══ DATASET SECTION ══

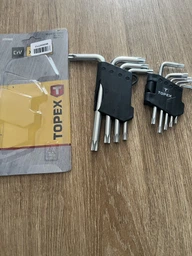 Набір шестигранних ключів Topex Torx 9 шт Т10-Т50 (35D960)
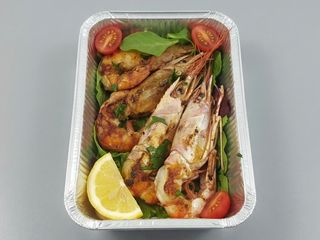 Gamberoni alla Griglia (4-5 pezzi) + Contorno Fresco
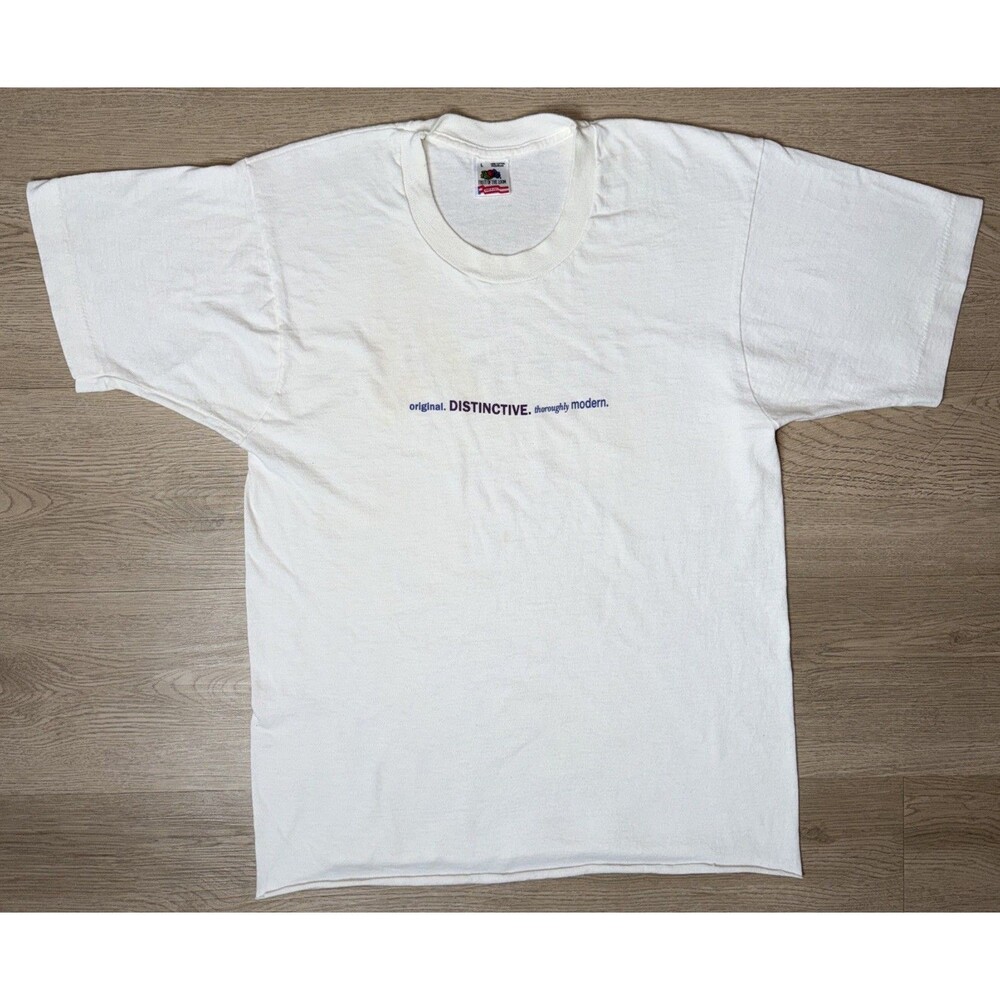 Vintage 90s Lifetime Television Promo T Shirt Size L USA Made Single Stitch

═══

● TASK ITEM: Print the data above exactly; drop every picture.

● RESULT OF THIS TASK:
 Набір шестигранних ключів Topex Torx 9 шт Т10-Т50 (35D960)
 Gamberoni alla Griglia (4-5 pezzi) + Contorno Fresco
 Vintage 90s Lifetime Television Promo T Shirt Size L USA Made Single Stitch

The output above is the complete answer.